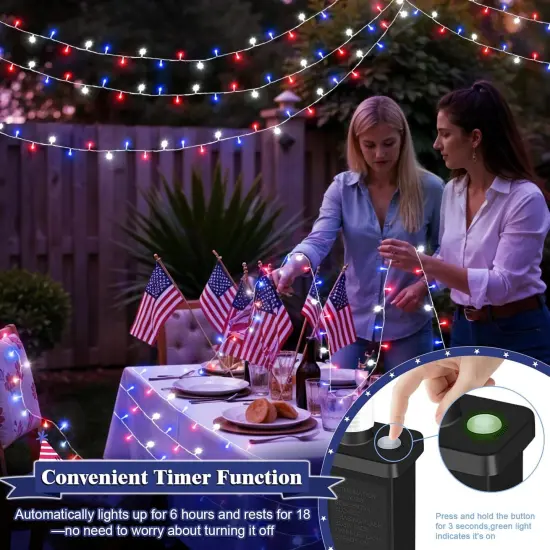 Red White and Blue Lights Outdoor, 32ft 100 LED Patriotic String Lights for 4th of July, Memorial Day, Independence Day Decor, 8 Modes Timer Waterproof Connectable {3}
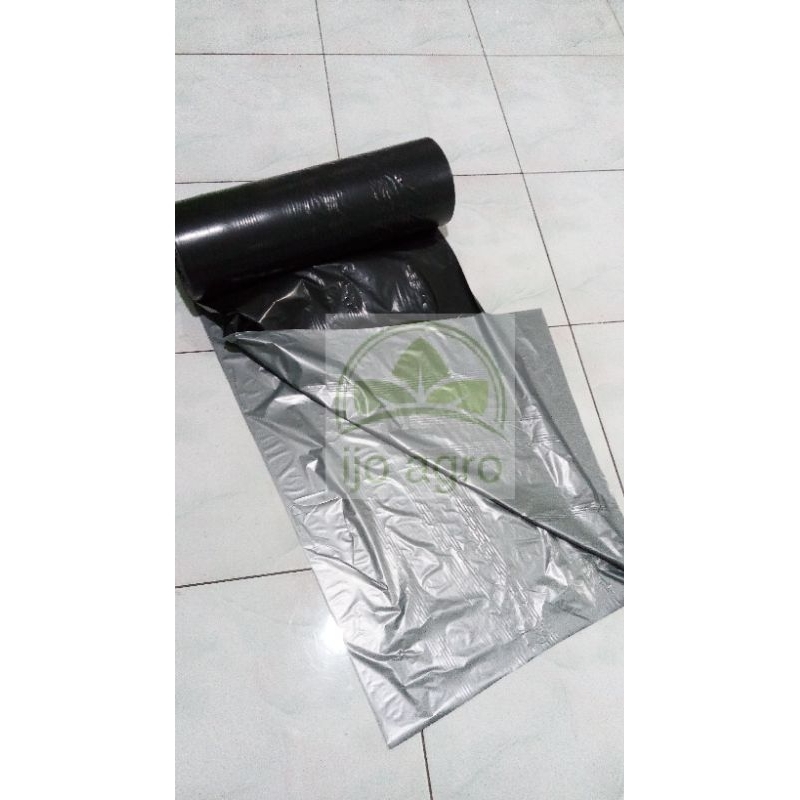 plastik Mulsa Hitam Perak Top quality lebar 120cm Eceran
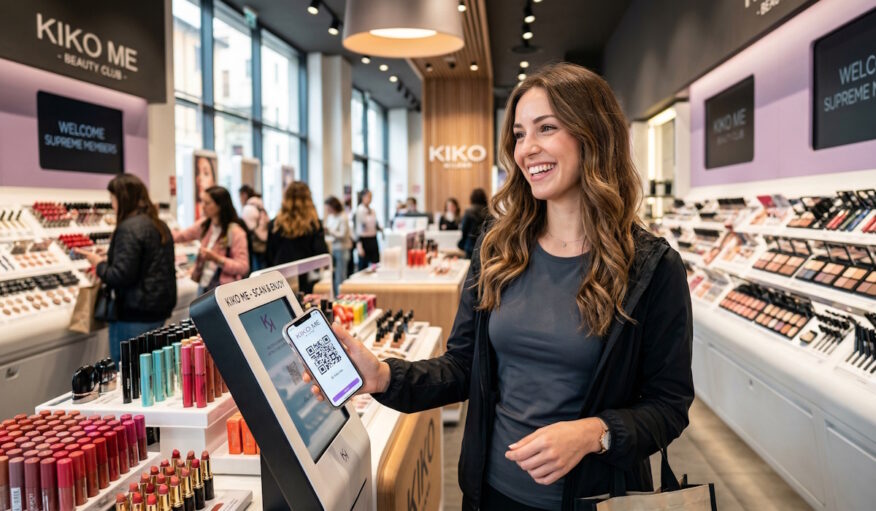 Cliente souriante utilisant l'application de fidélité Kiko Me pour scanner son ID membre dans une boutique cosmétique dématérialisée.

☆ ☆ ☆ ☆

Activity: Produce an exact copy of every line above, with the images left out.

Completed task:
 Red White and Blue Lights Outdoor, 32ft 100 LED Patriotic String Lights for 4th of July, Memorial Day, Independence Day Decor, 8 Modes Timer Waterproof Connectable {3}
 plastik Mulsa Hitam Perak Top quality lebar 120cm Eceran
 Cliente souriante utilisant l'application de fidélité Kiko Me pour scanner son ID membre dans une boutique cosmétique dématérialisée.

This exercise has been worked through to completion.